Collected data
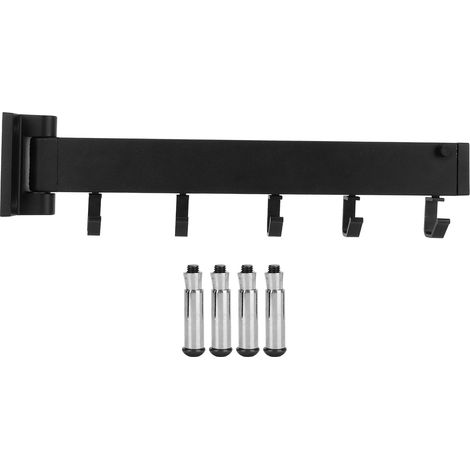 Etendoir Murale Rétractable - Aluminium - 180° Pivotant - Pour Balcon Salle De Bain Chambre - Charge 25 Kg - 1 Pièce (1/5)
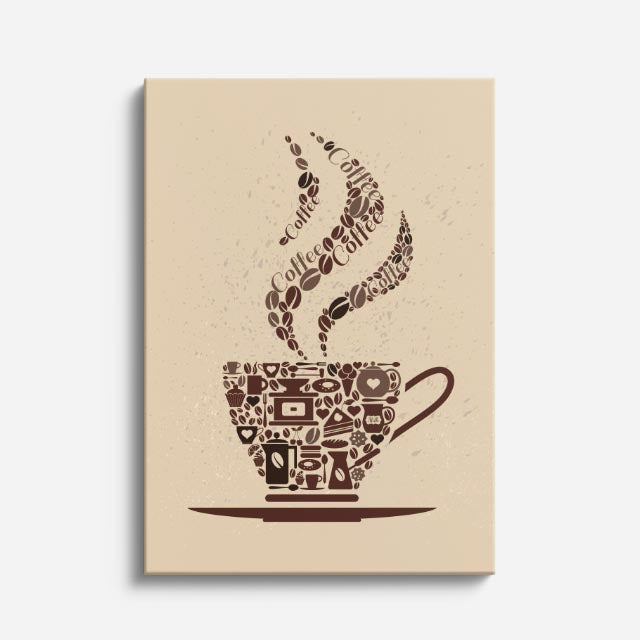 cuadro canvas de café taza de café formada por granos y vapor decorativo estilo artesanal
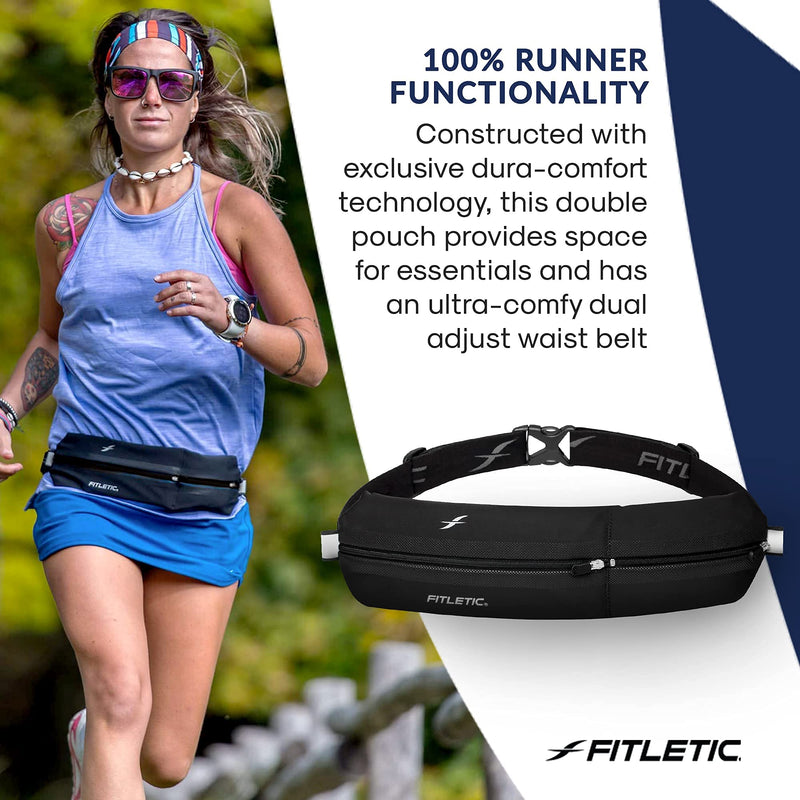 Fitletic - Bolt Running Pouch, Runners Pouch, Double Pocket Running Waist Belt, Waterproof, Adjustable, and Expandable, Running Accessories Black - NewNest Australia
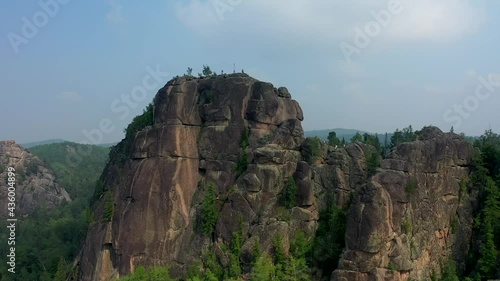 Drone flight over famous Krasnoyarsk pillars
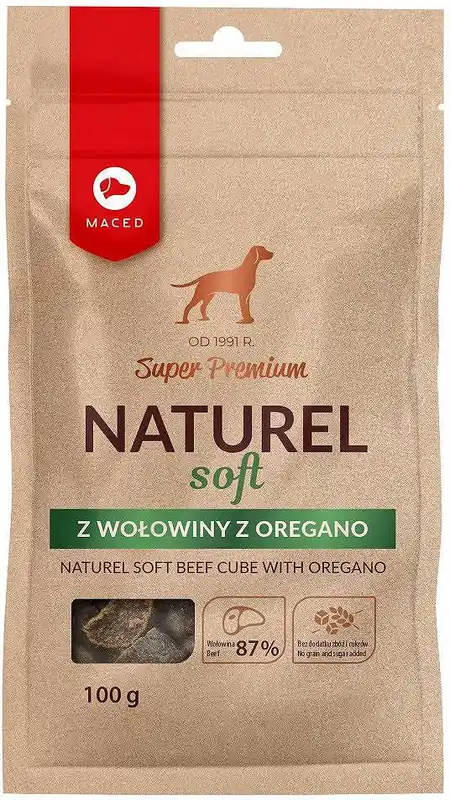Maced Przysmak Super Premium Naturel Soft z wołowiną i oregano dla psa op. 100g Dostępne od ręki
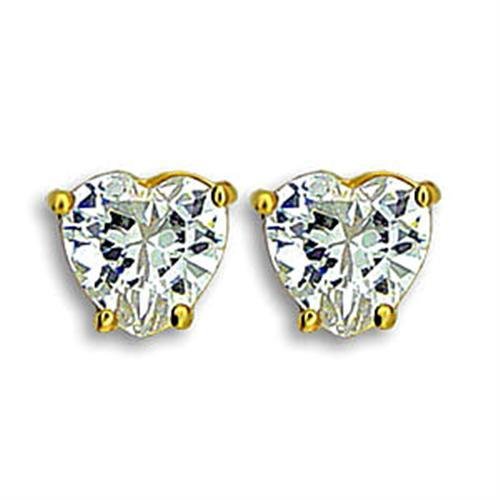 414903 - Gold Brass Earrings with AAA Grade CZ  in Clear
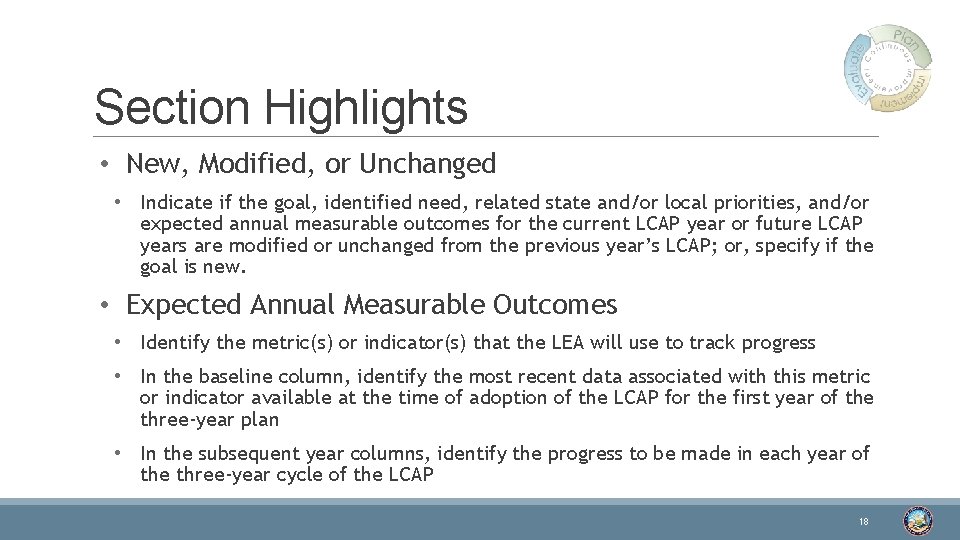 Section Highlights • New, Modified, or Unchanged • Indicate if the goal, identified need,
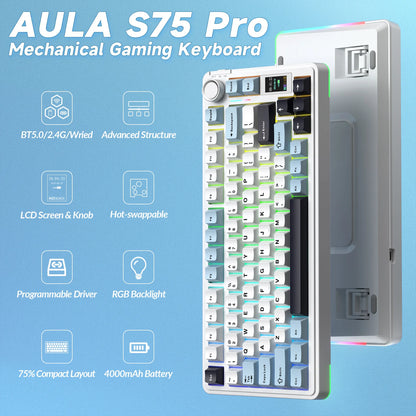 S75Pro Wireless Keyboard Tri-Mode RGB Gaming Keyboard Hot Swap PBT Keycaps with Macro Software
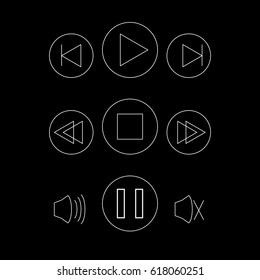 Icon set media player control button. White pictogram on black background Solid plain monochrome flat tile. Simple contemporary style. Web design element vector illustration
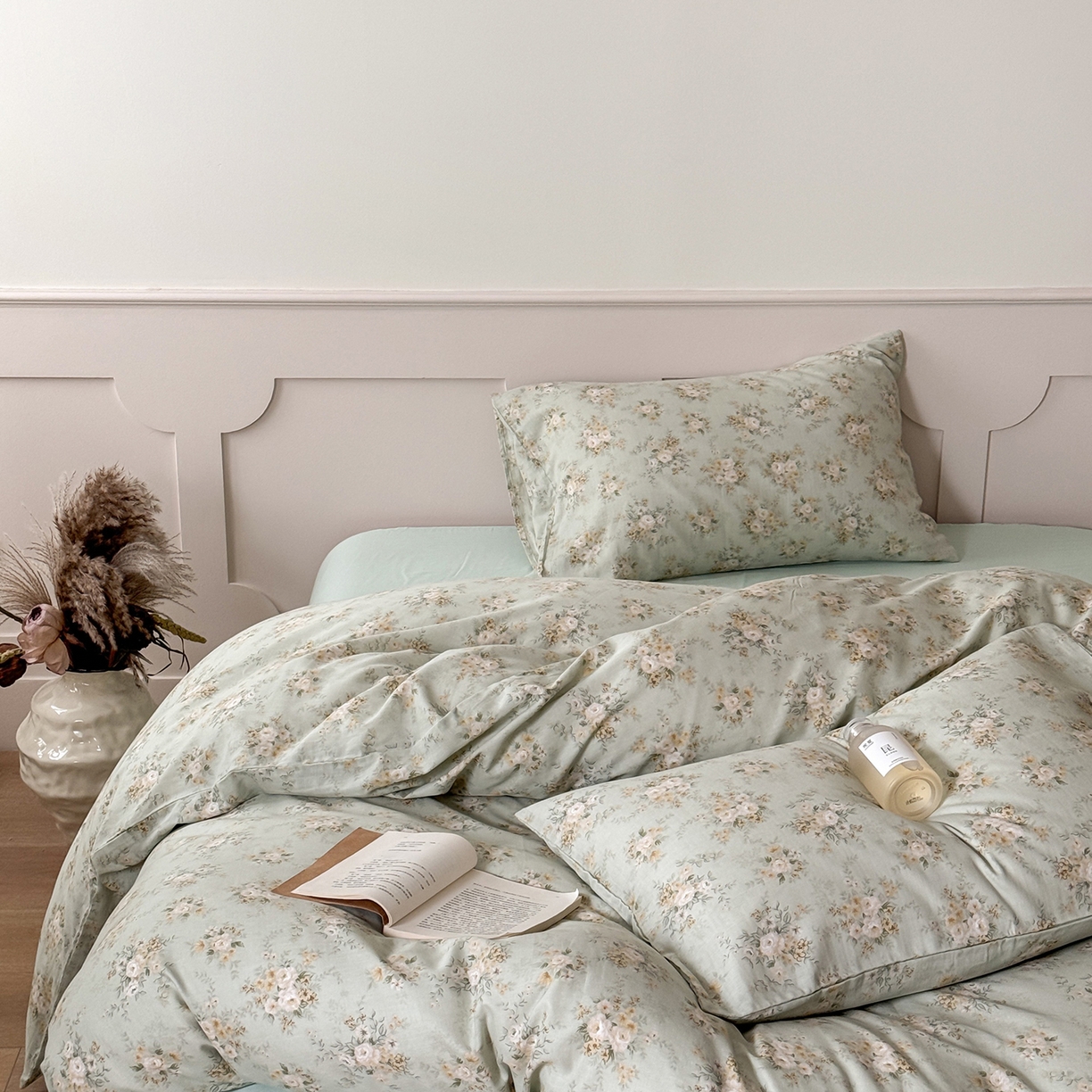 91家纺网 家纺一手货源 找家纺 窝米 2025新品全棉双层纱法式风花卉四件套系列（蔷薇绿 月丹） 蔷薇绿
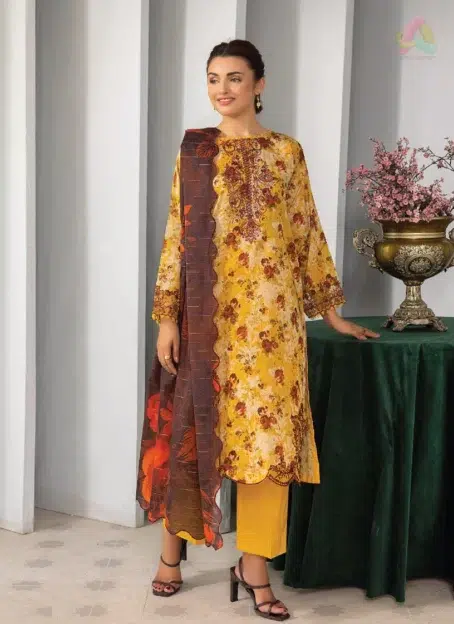 Front view of Gulljee D-08 showing digitally printed lawn with neck embroidery, styled for elegant summer wear and seasonal occasions.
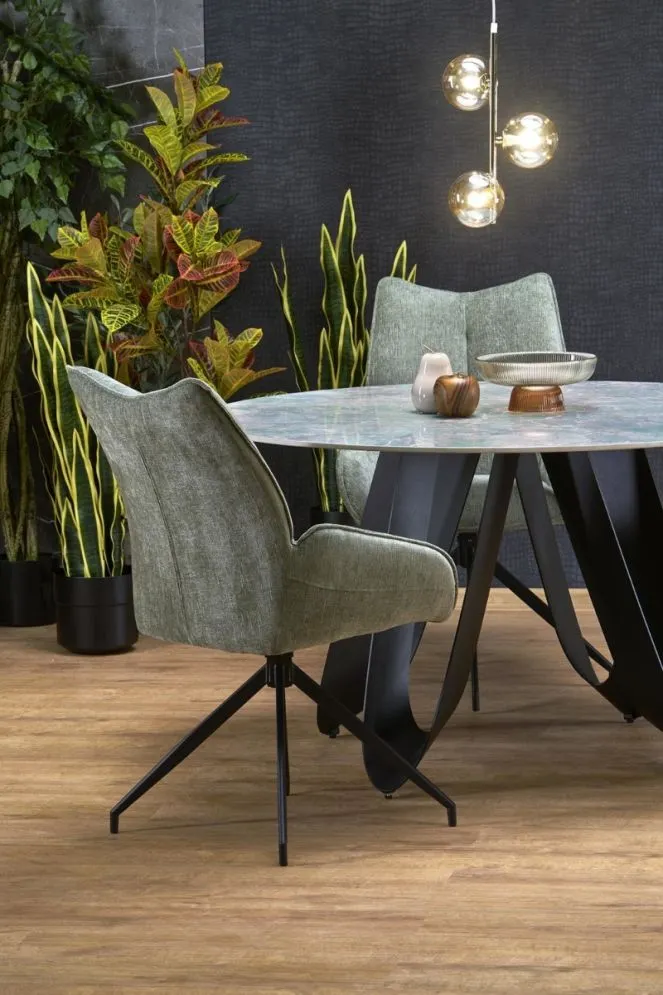 Stół okrągły GIOVANI 135x135 zielony marmur/czarny loftowy I sklep meblowy MIRAT. styl LOFT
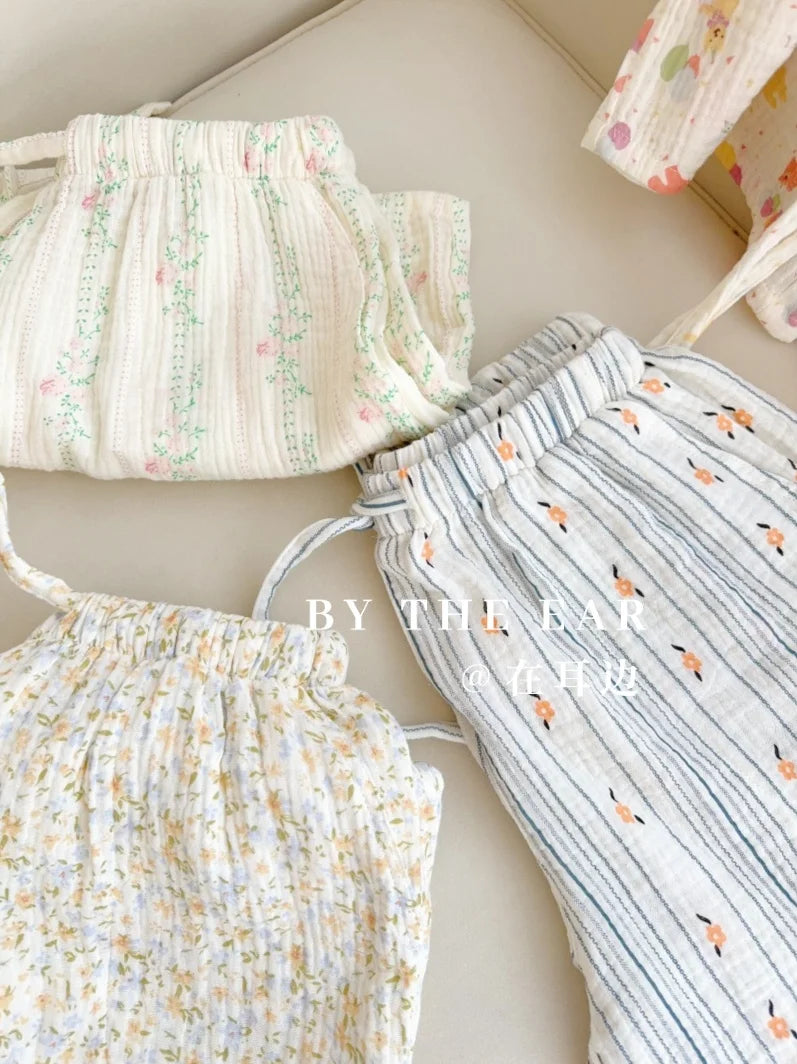 Thin Pure Cotton Bubble Cotton Gauze Sweet Loose High Waist Full Cotton Shorts
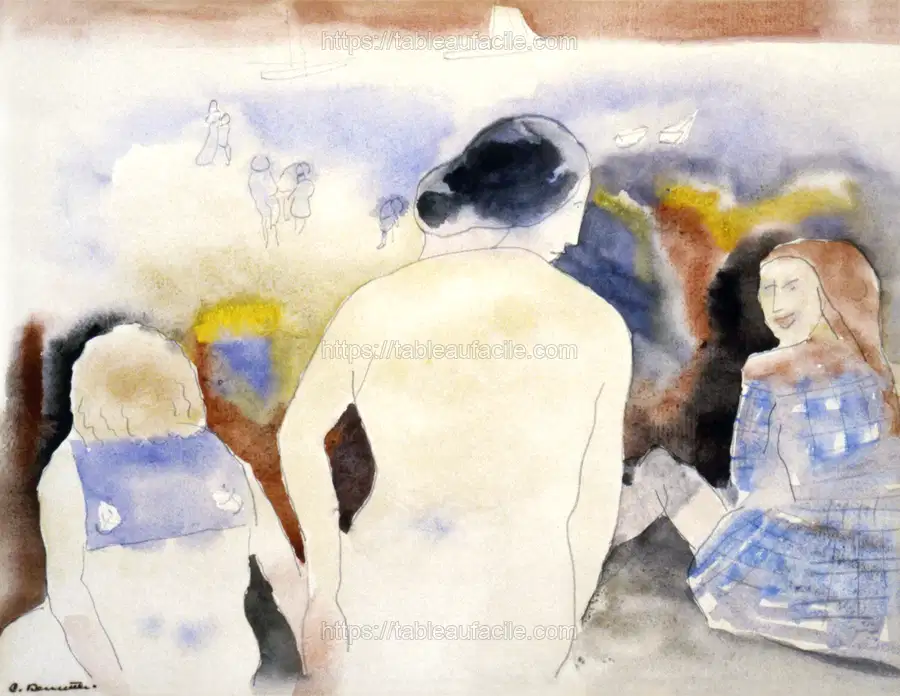 Woman with Black Hair and Two Children (1883–1935) Charles Demuth apercu
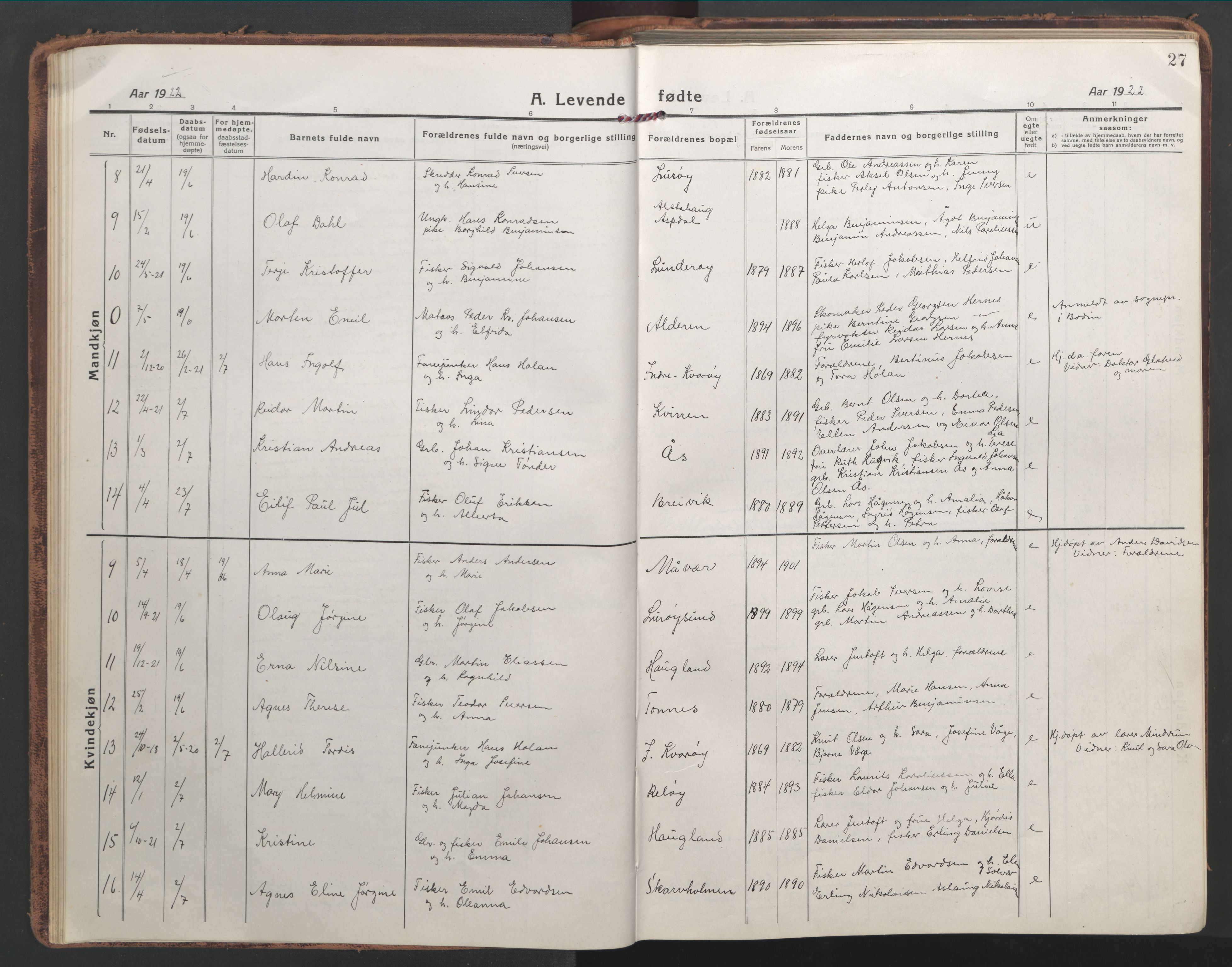 Ministerialprotokoller, klokkerbøker og fødselsregistre - Nordland, AV/SAT-A-1459/839/L0574: Parish register (copy) no. 839C04, 1918-1950, p. 27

Work request: Exclude all images, then retype the records above without alteration.

Completed exercise:
 Etendoir Murale Rétractable - Aluminium - 180° Pivotant - Pour Balcon Salle De Bain Chambre - Charge 25 Kg - 1 Pièce (1/5)
 cuadro canvas de café taza de café formada por granos y vapor decorativo estilo artesanal
 Fitletic - Bolt Running Pouch, Runners Pouch, Double Pocket Running Waist Belt, Waterproof, Adjustable, and Expandable, Running Accessories Black - NewNest Australia
 Drone flight over famous Krasnoyarsk pillars
Maced Przysmak Super Premium Naturel Soft z wołowiną i oregano dla psa op. 100g Dostępne od ręki
 414903 - Gold Brass Earrings with AAA Grade CZ  in Clear
 Section Highlights • New, Modified, or Unchanged • Indicate if the goal, identified need,
 S75Pro Wireless Keyboard Tri-Mode RGB Gaming Keyboard Hot Swap PBT Keycaps with Macro Software
 Icon set media player control button. White pictogram on black background Solid plain monochrome flat tile. Simple contemporary style. Web design element vector illustration
 91家纺网 家纺一手货源 找家纺 窝米 2025新品全棉双层纱法式风花卉四件套系列（蔷薇绿 月丹） 蔷薇绿
 Front view of Gulljee D-08 showing digitally printed lawn with neck embroidery, styled for elegant summer wear and seasonal occasions.
 Stół okrągły GIOVANI 135x135 zielony marmur/czarny loftowy I sklep meblowy MIRAT. styl LOFT
 Thin Pure Cotton Bubble Cotton Gauze Sweet Loose High Waist Full Cotton Shorts
 Woman with Black Hair and Two Children (1883–1935) Charles Demuth apercu
 Ministerialprotokoller, klokkerbøker og fødselsregistre - Nordland, AV/SAT-A-1459/839/L0574: Parish register (copy) no. 839C04, 1918-1950, p. 27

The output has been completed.